This is a somewhat fair criticism, Dan. I think it might help if I were to produce the original opening, which had to be cut for space:

"Only a clueless snob would lob his histrionic fists at twenty million tuning in for American Idol, eight million enjoying Lady Gaga's latest YouTube video, and more than a million readers feverishly purchasing Stephenie Meyer's Twilight from bookstores. Yet the larger question of whether mass cultural development is worthy of deeper investigation, perhaps containing the seeds for unexpected inspiration, is often ignored. Elitist spittle remains a distressingly stubborn force, designed more to douse crisp blue collars rather than enlighten the seemingly unwashed masses. This distressing epidemic has proven to be more troublesome within the comparatively smaller world of books, with the mystery genre regularly turning over a dry cleaning ticket after another bloodsoaked reception."
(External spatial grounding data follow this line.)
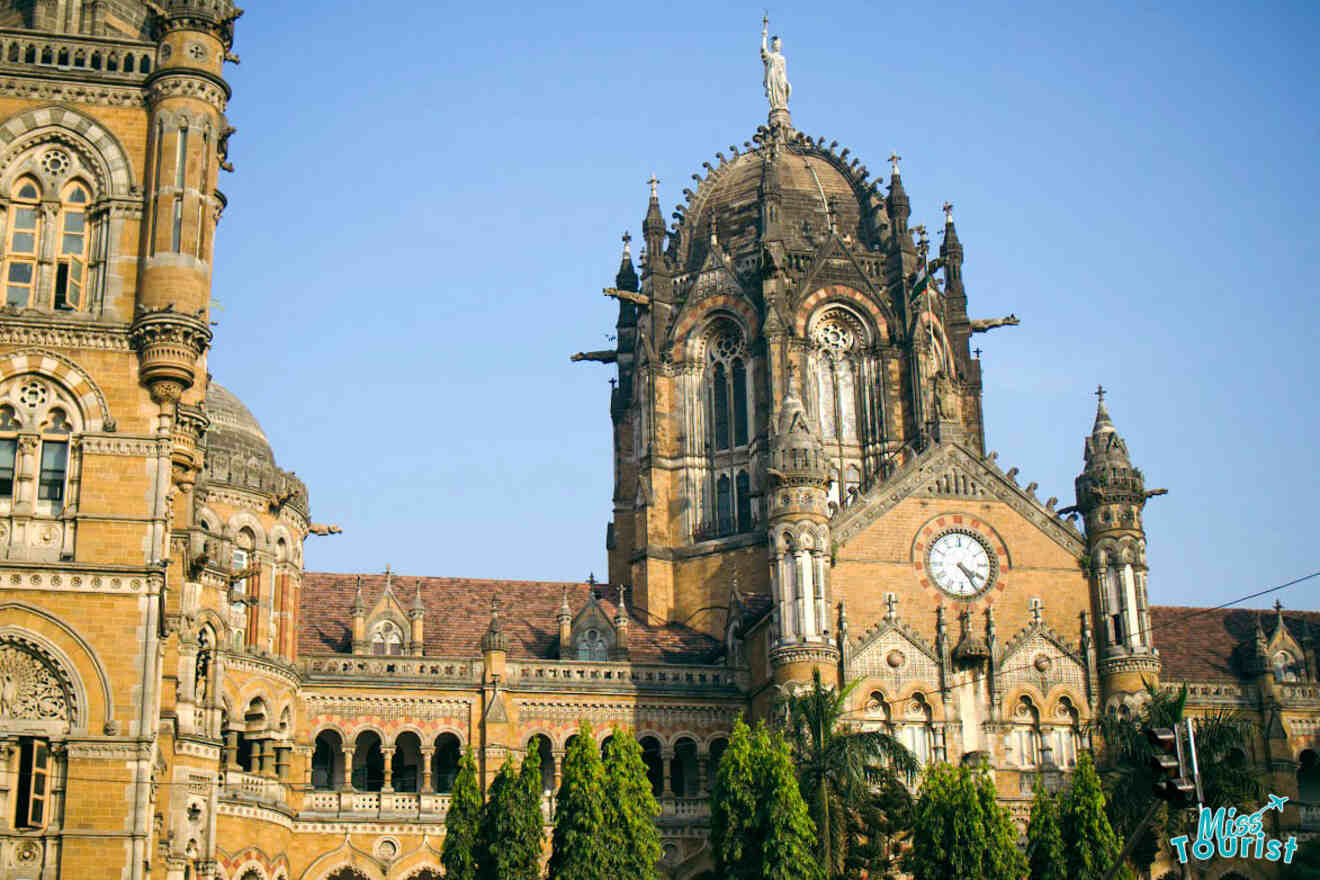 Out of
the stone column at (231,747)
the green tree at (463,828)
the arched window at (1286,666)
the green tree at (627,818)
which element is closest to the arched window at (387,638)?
the stone column at (231,747)

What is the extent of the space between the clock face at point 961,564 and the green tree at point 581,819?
723 inches

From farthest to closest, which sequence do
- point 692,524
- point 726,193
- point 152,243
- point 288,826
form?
point 726,193, point 692,524, point 288,826, point 152,243

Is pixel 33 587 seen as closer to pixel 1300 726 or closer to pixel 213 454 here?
pixel 213 454

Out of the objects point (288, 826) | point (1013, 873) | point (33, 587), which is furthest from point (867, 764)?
point (33, 587)

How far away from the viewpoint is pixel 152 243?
140 ft

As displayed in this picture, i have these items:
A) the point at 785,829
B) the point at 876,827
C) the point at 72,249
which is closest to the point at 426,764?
the point at 876,827

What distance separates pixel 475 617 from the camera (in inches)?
2712

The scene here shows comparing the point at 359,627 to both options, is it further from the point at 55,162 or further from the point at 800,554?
the point at 55,162

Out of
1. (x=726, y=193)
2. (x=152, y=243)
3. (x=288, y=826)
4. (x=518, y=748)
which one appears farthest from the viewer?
(x=726, y=193)

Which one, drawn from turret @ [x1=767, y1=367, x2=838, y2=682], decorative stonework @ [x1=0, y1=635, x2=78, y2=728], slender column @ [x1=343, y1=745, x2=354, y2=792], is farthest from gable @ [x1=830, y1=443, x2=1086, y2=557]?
decorative stonework @ [x1=0, y1=635, x2=78, y2=728]

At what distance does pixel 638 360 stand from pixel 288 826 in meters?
25.6

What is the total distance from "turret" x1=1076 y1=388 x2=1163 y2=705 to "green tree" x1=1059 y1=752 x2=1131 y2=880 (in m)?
11.9

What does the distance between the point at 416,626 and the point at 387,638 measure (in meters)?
1.13

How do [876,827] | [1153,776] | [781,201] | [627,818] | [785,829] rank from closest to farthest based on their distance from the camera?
[785,829], [627,818], [876,827], [1153,776], [781,201] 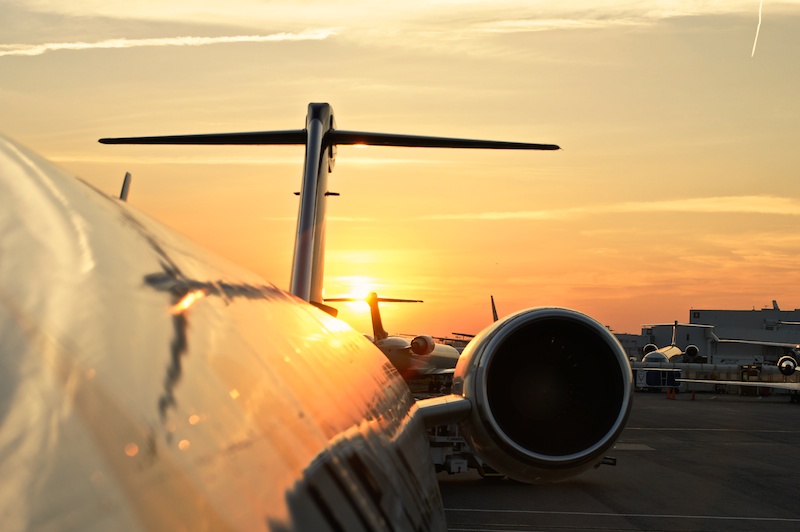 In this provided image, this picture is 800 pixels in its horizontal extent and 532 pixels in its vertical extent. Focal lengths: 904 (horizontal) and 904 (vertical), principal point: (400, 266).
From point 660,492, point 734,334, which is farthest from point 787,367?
point 734,334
Granted, I think the editor was wise to cut all that. But the specific angle here -- one that isn't terribly new -- is that there is literary worth to be found within mass culture, that mystery novels aren't just "plot-oriented puzzles," and that those who deride these books or classify books into neat little genres without accepting an individual book on its own terms (such as Wilson and Barthes) overlook the melange of fun, style, and substance to be found within ostensible trash. I don't see this as an opposition, but rather an argument for fusion, one that asks the reader to reconsider a derided genre or to dispense with genre classification entirely.

Andy

Ah, the smaller question of lobbed histrionic fists. Ah, the epidemic of spittle, those receptions of blood.

Steven Augustine

"I think it might help if I were to produce the original opening, which had to be cut for space..."

Cut for space? Ed, if that mercifully-excised passage isn't proof of your small-but-vigorous participation in the death of American Letters, what is... the fact that the rest of that high-school-ish essay was actually printed? You do "genre" a serious disservice by affecting to rescue it as a "critic" without first learning to write. This is exasperating, man.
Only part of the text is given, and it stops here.